The remarks came at the time that James Mendenhall, general counsel of the Office of the US Trade Representative, threatened to file a complaint with the World Trade Organization (WTO) if China could not "dramatically reduce" IPR violations.

"If we were to conclude that the dispute settlement is the best solution in dealing with China, we will not shy away from that," he said during a visit to Beijing.

The United States complained that its trade deficit against China largely resulted from piracy and counterfeiting in China, saying the deficit had increased to US$202 billion last year.

China has been intensifying its fight against piracy, which has harmed not only foreign but also domestic companies, said Zhao Yumin, an analyst from the Ministry of Commerce's trade and economic cooperation institute.

"Central and local governments at various levels have recognized the importance of IPR protection," she said. "But it takes time for China, a developing country, to develop a mature IPR protection system."

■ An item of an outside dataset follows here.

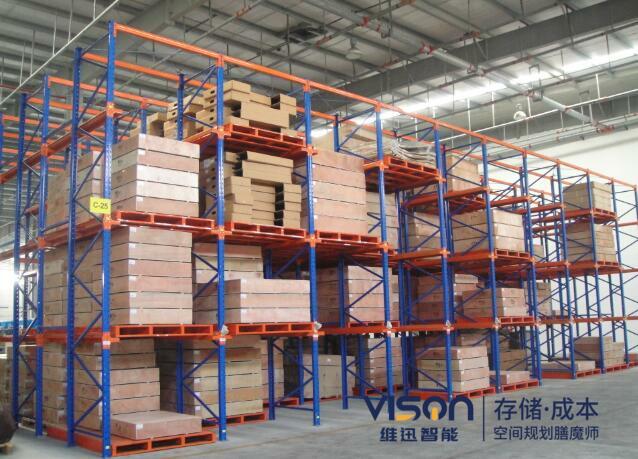 通过自动化降低仓库成本的好处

IPR protection tops the agenda of the ministry as it plans to establish offices across the country to accept complaints of piracy.

In fact, Zhao said, the US exaggeration of IPR issues came from its fear of China's surging exports, particularly exports of middle- and high-end high-tech products.

Mendenhall said that in his three-day visit to Beijing, he exchanged information with Chinese officials over IPR protection and other trade issues, such as China's regulation of imported foreign car parts.

A rule took effect in China last year requiring higher, full-vehicle tariff rates on imported car parts or components. It increased some carmakers' production costs in China.

Mendenhall's visit is expected to pave the way for the Joint Commission on Commerce and Trade, which is scheduled to take place in April in Washington.

The dialogue generally focuses on a number of issues, including IPR protection and trade conflicts. The highest-level trade officials from both sides attend the commission.